■ Material for the task ■
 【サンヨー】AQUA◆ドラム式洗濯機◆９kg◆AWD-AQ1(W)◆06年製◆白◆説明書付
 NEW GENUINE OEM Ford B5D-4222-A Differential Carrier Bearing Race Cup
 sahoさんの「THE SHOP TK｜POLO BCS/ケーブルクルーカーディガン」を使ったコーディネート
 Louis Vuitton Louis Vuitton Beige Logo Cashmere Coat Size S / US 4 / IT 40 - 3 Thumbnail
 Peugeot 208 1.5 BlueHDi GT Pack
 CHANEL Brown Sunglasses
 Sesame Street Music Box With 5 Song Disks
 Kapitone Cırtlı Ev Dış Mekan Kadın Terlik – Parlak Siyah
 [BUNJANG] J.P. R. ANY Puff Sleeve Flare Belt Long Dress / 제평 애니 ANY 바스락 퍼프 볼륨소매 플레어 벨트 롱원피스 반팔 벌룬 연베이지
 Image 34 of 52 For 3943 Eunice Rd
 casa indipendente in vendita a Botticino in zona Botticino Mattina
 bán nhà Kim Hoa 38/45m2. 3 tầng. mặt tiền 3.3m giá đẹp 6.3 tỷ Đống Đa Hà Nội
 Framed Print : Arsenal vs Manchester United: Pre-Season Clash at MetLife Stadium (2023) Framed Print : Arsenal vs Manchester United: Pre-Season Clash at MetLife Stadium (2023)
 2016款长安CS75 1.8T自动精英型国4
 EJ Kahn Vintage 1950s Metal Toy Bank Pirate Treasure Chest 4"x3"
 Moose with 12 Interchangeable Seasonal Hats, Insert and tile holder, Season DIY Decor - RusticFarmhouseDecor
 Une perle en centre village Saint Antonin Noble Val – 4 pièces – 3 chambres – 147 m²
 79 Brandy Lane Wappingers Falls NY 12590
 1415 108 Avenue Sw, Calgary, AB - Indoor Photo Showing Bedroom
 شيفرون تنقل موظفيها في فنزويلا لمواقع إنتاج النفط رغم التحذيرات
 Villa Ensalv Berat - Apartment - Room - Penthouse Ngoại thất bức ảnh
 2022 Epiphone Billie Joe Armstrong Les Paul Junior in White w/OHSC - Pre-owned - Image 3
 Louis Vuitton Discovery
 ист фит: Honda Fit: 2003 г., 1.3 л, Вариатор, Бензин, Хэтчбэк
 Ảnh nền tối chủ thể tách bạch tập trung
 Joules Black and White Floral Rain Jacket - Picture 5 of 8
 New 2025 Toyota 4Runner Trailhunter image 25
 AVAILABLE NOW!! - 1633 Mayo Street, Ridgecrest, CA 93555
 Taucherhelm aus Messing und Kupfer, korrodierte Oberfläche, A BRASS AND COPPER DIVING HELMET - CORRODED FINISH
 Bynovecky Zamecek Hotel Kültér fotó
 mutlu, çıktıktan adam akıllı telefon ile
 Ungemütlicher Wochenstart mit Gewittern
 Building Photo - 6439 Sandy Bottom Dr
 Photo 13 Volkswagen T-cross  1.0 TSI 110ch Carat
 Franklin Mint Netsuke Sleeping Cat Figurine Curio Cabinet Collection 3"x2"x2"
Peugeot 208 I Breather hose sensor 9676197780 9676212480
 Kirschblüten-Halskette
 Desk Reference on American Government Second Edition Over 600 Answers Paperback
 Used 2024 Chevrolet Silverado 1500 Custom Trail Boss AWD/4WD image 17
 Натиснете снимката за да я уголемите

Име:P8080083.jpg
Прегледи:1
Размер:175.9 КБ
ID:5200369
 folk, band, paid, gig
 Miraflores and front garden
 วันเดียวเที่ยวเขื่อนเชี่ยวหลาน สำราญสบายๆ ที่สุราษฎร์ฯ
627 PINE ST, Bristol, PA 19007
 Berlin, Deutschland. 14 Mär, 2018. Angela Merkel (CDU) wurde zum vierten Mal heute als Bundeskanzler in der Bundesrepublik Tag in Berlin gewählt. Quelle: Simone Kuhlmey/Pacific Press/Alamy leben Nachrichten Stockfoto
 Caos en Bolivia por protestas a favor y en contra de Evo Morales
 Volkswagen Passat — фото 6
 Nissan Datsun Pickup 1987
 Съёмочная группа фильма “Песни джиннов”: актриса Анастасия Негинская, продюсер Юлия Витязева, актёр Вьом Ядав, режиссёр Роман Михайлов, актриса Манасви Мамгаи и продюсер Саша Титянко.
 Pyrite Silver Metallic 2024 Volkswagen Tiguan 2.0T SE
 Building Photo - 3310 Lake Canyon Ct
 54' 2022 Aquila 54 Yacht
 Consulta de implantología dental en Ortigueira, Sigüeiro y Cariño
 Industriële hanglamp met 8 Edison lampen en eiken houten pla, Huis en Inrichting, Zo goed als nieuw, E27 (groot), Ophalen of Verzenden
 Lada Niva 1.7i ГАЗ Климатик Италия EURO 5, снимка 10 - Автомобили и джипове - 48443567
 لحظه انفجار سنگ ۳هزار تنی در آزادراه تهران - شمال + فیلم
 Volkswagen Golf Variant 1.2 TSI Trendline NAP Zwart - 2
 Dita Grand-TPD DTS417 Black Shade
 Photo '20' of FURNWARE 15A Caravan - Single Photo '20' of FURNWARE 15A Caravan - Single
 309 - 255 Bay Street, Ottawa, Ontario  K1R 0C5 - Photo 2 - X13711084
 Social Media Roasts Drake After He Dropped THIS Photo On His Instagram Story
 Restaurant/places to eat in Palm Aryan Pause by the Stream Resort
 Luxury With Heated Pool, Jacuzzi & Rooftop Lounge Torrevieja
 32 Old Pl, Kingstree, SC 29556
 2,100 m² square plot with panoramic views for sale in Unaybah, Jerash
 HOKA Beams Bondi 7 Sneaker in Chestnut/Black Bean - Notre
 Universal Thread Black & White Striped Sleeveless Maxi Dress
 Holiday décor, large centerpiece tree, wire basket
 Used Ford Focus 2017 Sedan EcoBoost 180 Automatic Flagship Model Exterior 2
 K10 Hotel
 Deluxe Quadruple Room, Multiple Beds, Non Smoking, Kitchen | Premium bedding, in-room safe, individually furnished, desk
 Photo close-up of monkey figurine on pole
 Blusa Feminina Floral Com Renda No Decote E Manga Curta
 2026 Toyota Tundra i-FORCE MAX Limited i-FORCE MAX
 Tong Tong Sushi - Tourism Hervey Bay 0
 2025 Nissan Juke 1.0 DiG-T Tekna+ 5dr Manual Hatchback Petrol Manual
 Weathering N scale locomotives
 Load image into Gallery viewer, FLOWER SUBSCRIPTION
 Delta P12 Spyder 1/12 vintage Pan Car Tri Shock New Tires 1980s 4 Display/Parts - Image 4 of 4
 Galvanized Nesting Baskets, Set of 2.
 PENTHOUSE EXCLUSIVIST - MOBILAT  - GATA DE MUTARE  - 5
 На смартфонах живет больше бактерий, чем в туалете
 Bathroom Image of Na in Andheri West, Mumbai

■ Exercise prompt ■
The response must hold only the lines above from the line with "Caos en Bolivia" through the line with "Dita Grand-TPD DTS417 Black Shade", each copied exactly, both ends kept.

■ Written answer ■
 Caos en Bolivia por protestas a favor y en contra de Evo Morales
 Volkswagen Passat — фото 6
 Nissan Datsun Pickup 1987
 Съёмочная группа фильма “Песни джиннов”: актриса Анастасия Негинская, продюсер Юлия Витязева, актёр Вьом Ядав, режиссёр Роман Михайлов, актриса Манасви Мамгаи и продюсер Саша Титянко.
 Pyrite Silver Metallic 2024 Volkswagen Tiguan 2.0T SE
 Building Photo - 3310 Lake Canyon Ct
 54' 2022 Aquila 54 Yacht
 Consulta de implantología dental en Ortigueira, Sigüeiro y Cariño
 Industriële hanglamp met 8 Edison lampen en eiken houten pla, Huis en Inrichting, Zo goed als nieuw, E27 (groot), Ophalen of Verzenden
 Lada Niva 1.7i ГАЗ Климатик Италия EURO 5, снимка 10 - Автомобили и джипове - 48443567
 لحظه انفجار سنگ ۳هزار تنی در آزادراه تهران - شمال + فیلم
 Volkswagen Golf Variant 1.2 TSI Trendline NAP Zwart - 2
 Dita Grand-TPD DTS417 Black Shade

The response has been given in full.